Organizations are swamped with a growing number of regulatory changes. A recent article in the Washington Post pointed to the constant rise in the average number of major federal regulations with each recent administration—from 27 per year under President Clinton to 44 per year under President Obama. Research consistently shows compliance professionals predicting that their companies will need to increase the amount of time and resources required to comply with changing regulatory requirements. In a 2012 congressional hearing of the Independent Community Bankers of America, presenters cited 921 documented compliance changes in four years, leading senior executives to now spend an estimated 80 percent of their work time on compliance-related issues compared to 20 percent three years ago, with loan originators likewise spending 30-35 percent of their time per file on compliance, compared to 5-10 percent in the past.
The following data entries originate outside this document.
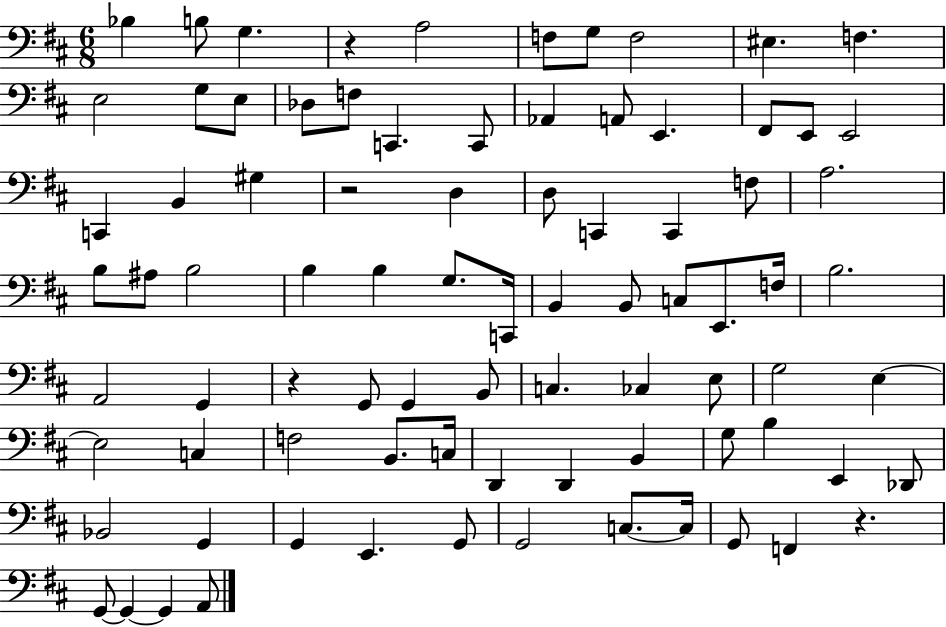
Bb3/q B3/e G3/q. R/q A3/h F3/e G3/e F3/h EIS3/q. F3/q. E3/h G3/e E3/e Db3/e F3/e C2/q. C2/e Ab2/q A2/e E2/q. F#2/e E2/e E2/h C2/q B2/q G#3/q R/h D3/q D3/e C2/q C2/q F3/e A3/h. B3/e A#3/e B3/h B3/q B3/q G3/e. C2/s B2/q B2/e C3/e E2/e. F3/s B3/h. A2/h G2/q R/q G2/e G2/q B2/e C3/q. CES3/q E3/e G3/h E3/q E3/h C3/q F3/h B2/e. C3/s D2/q D2/q B2/q G3/e B3/q E2/q Db2/e Bb2/h G2/q G2/q E2/q. G2/e G2/h C3/e. C3/s G2/e F2/q R/q. G2/e G2/q G2/q A2/e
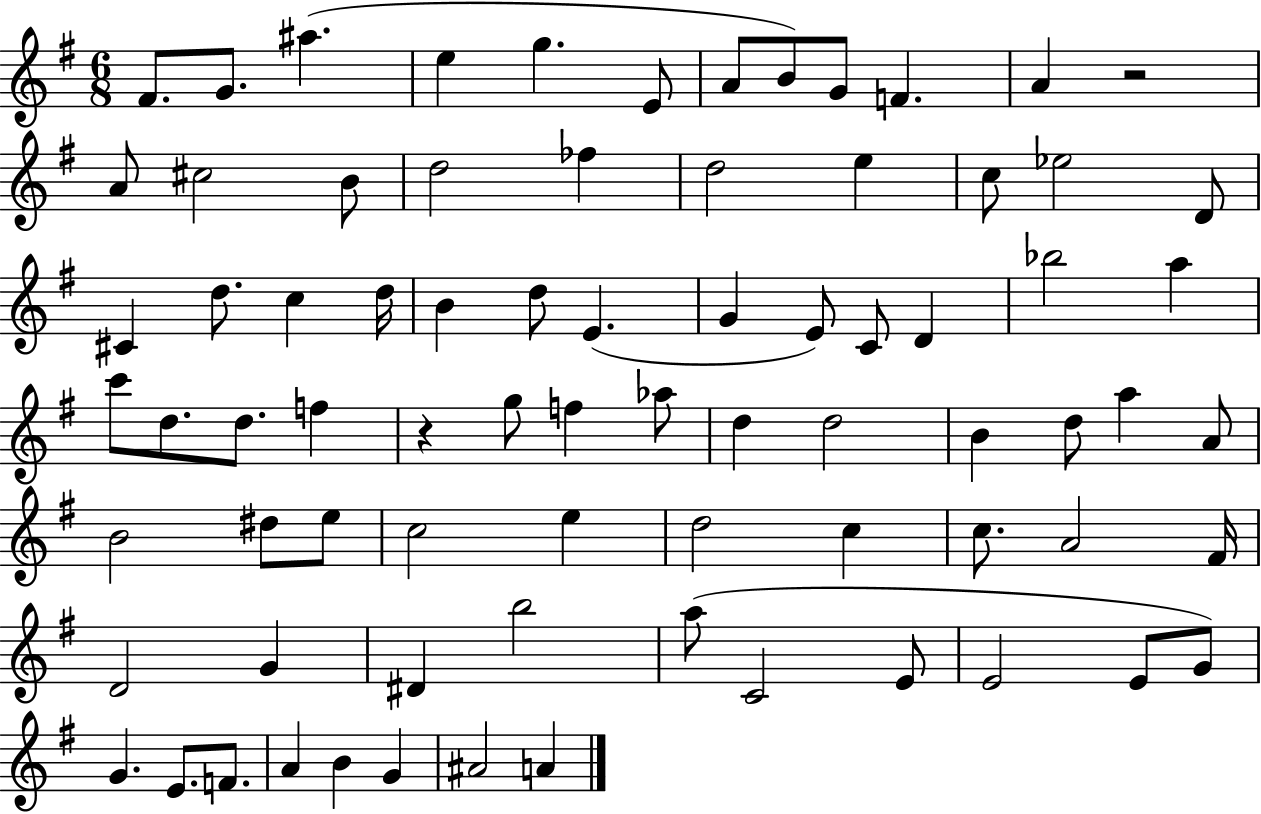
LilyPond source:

{
  \clef treble
  \numericTimeSignature
  \time 6/8
  \key g \major
  fis'8. g'8. ais''4.( | e''4 g''4. e'8 | a'8 b'8) g'8 f'4. | a'4 r2 | \break a'8 cis''2 b'8 | d''2 fes''4 | d''2 e''4 | c''8 ees''2 d'8 | \break cis'4 d''8. c''4 d''16 | b'4 d''8 e'4.( | g'4 e'8) c'8 d'4 | bes''2 a''4 | \break c'''8 d''8. d''8. f''4 | r4 g''8 f''4 aes''8 | d''4 d''2 | b'4 d''8 a''4 a'8 | \break b'2 dis''8 e''8 | c''2 e''4 | d''2 c''4 | c''8. a'2 fis'16 | \break d'2 g'4 | dis'4 b''2 | a''8( c'2 e'8 | e'2 e'8 g'8) | \break g'4. e'8. f'8. | a'4 b'4 g'4 | ais'2 a'4 | \bar "|."
}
New laws, regulatory changes, increased oversight and court rulings have serious implications for entire companies, from boards to management to lines of business and ultimately, individual employees. In addition, regulatory compliance reaches beyond the walls of a corporation to the extended enterprise: companies need to oversee third-party relationships as they would any other division of their organization. The advent of “Big Data” is further complicating matters, as companies struggle to decipher information previously buried in spreadsheets, emails and other documents. According to industry pundit Michael Rasmussen of GRC 20/20 Research, financial services companies report that risk, compliance and audit staff spend as much as 80 percent of their time managing documents and reconciling information and only 20 percent of their time actually managing risk and compliance.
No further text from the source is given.